| Task directions |
Below is a block of entries; repeat exactly the lines starting at the line that contains "ΚΟΥΠΑ ΣΧΕΔΙΟ ΜΑΡΓΑΡΙΤΑ" and ending at the line that contains "Plaque Bois Vintage", both included.

Short descriptive text snippets:
======
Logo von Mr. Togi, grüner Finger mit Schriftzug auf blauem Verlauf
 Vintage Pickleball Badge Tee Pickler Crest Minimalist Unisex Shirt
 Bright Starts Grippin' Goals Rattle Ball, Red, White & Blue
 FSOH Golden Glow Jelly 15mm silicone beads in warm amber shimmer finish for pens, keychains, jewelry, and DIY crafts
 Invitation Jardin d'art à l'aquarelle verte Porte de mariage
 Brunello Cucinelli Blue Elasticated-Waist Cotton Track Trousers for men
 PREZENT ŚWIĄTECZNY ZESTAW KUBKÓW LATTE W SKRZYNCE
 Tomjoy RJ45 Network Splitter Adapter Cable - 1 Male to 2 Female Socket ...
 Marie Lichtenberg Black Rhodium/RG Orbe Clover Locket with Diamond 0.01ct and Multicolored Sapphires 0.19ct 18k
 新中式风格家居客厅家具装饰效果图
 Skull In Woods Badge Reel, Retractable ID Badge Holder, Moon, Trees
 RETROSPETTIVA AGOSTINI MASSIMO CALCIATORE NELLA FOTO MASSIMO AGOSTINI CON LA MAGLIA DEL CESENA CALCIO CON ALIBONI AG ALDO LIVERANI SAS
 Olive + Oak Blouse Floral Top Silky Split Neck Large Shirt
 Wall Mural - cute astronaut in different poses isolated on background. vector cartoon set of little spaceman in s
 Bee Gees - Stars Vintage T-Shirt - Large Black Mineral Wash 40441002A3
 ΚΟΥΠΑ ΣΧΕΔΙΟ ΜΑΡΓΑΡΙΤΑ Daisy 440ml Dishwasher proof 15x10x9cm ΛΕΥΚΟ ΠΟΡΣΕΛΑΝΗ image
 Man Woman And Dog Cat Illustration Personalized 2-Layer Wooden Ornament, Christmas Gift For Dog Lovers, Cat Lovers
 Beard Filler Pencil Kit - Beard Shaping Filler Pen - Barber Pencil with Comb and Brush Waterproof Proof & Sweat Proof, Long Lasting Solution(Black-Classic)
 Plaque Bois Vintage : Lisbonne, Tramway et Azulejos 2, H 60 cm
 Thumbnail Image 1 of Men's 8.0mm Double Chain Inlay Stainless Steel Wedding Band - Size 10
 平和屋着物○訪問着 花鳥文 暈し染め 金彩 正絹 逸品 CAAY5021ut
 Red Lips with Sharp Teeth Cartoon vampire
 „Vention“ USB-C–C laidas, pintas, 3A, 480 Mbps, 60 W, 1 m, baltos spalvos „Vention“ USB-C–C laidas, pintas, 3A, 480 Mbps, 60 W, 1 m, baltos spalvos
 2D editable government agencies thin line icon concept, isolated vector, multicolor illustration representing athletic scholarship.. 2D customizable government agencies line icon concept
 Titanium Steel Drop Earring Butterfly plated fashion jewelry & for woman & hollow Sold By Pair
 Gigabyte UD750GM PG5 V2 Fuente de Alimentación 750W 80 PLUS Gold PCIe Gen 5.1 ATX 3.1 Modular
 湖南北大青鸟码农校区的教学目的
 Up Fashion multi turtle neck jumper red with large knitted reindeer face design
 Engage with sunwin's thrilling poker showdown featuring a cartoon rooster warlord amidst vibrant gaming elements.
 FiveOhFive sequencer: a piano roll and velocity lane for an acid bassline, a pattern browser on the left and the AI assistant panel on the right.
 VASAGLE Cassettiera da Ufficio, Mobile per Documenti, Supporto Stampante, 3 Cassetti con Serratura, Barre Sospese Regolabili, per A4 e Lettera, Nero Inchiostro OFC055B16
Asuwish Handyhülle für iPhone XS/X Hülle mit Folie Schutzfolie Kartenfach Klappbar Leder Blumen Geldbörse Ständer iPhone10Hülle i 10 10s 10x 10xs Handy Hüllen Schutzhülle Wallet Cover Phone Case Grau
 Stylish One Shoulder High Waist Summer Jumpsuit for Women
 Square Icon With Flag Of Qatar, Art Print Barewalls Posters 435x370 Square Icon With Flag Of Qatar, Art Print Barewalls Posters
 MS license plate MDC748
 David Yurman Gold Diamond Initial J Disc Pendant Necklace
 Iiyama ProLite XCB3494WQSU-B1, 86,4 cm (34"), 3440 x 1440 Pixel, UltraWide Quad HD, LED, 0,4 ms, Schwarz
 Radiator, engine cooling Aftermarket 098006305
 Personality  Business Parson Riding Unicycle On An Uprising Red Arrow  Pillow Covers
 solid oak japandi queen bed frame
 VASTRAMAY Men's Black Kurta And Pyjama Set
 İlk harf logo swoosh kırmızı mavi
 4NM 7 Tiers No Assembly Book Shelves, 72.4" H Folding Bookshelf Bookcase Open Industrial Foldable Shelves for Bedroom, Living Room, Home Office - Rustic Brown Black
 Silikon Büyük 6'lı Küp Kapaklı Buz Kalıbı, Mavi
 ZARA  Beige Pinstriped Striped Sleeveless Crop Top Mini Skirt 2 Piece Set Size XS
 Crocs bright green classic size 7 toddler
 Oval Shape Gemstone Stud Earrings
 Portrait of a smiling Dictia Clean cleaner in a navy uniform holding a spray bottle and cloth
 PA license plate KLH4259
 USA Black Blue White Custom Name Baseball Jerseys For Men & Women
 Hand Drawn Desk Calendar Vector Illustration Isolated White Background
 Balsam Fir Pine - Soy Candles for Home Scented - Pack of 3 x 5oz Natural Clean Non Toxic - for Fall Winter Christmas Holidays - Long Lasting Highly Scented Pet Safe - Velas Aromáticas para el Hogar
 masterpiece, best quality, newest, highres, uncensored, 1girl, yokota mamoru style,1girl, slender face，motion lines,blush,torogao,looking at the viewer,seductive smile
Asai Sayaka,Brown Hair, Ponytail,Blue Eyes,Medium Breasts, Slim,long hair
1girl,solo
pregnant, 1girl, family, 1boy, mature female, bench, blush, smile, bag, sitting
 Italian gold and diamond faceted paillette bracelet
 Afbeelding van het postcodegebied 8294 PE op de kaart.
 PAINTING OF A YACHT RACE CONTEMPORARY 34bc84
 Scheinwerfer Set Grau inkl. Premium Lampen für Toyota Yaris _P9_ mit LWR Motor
======
| Result of the task |
 ΚΟΥΠΑ ΣΧΕΔΙΟ ΜΑΡΓΑΡΙΤΑ Daisy 440ml Dishwasher proof 15x10x9cm ΛΕΥΚΟ ΠΟΡΣΕΛΑΝΗ image
 Man Woman And Dog Cat Illustration Personalized 2-Layer Wooden Ornament, Christmas Gift For Dog Lovers, Cat Lovers
 Beard Filler Pencil Kit - Beard Shaping Filler Pen - Barber Pencil with Comb and Brush Waterproof Proof & Sweat Proof, Long Lasting Solution(Black-Classic)
 Plaque Bois Vintage : Lisbonne, Tramway et Azulejos 2, H 60 cm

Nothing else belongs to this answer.